You can see this in Samuel Smith’s Boar’s Head in Stockport, where from opening time each morning there will be a fair number of customers, mostly older men who are retired or on disability, who clearly see it as a kind of social club and engage in various kinds of inconsequential banter. Looking at the wider picture, though, slow-spending, elderly customers are not something that greedy pub-owners want to encourage, hence the trends for wall-to-wall dining and replacing comfortable benches with posing tables that are a challenge for creaky joints.

But the importance of pubs in giving people some kind of social outlet, however limited, cannot be understated. Yes, old blokes sitting on their own in the pub may seem sad. But it’s helping to alleviate a greater sadness.

January 2017

Can This Be For Real?

“Real ale in a can” is a flawed concept that undermines bottle-conditioning

EYEBROWS were raised last year at the news that CAMRA had given accreditation as “real ale” to can-conditioned beers from Moor Brewery in Bristol. While this may on the face of it sound surprising, given that CAMRA is happy to recognise bottle-conditioned beers as “real ale”, it is entirely consistent to do the same for beer that still contains live yeast, but just happens to be in a different kind of container.

Having expressed some scepticism about the concept, I was – to their credit – sent a sample of six cans to try by Moor Brewery. Now, they all came across as well-made beers, and one, the rye-infused Smokey Horyzon, particularly tickled my tastebuds. The amount of yeast and carbonation suggested that they could realistically have conditioned in the can. Having allowed them to settle for a couple of weeks, I was able to pour most of them reasonably clear. But I have to say I’m not remotely convinced by the concept.

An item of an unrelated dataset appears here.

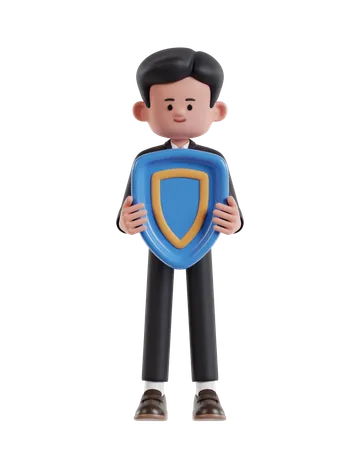 3 D Illustration Of Cartoon Businessman Holding Protection Shield 3D Illustration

Over the years, I’ve enjoyed many excellent bottle-conditioned beers. But I’ve always been able to check that the yeast has settled to the bottom, and then pour it carefully to ensure I end up with a clear drink. However, with a can, you simply can’t do that, so you have to trust to time as to whether the yeast has settled, and depend on very precise timing to minimise the amount that ends up in the glass. The whole process is turned into a lottery. For this reason, regardless of the inherent merits of the beer, I’d say cans are not an appropriate medium for container-conditioned packaged beers.

Personally, I prefer the taste of beer, not yeast, and there is far too much anecdotal evidence of murky beer playing havoc with the digestive tract for such concerns to be dismissed out of hand. The whole concept of "real ale in a can" has not been thought through properly, and I find it disappointing that CAMRA has given it its seal of approval.

Delayed Gratification

What may now seem extreme proposals could all too soon become reality

SCOTLAND seems to be doing its best to be a world leader in neo-Prohibitionism, and the latest idea to rear its ugly head is one from “public health experts” to ban the sale of alcohol in the off-trade until 5pm. This is objectionable on so many levels that I won’t even attempt to list them. It represents a collective punishment meted out on the overwhelming majority of responsible drinkers in an attempt to address the problems of the irresponsible few.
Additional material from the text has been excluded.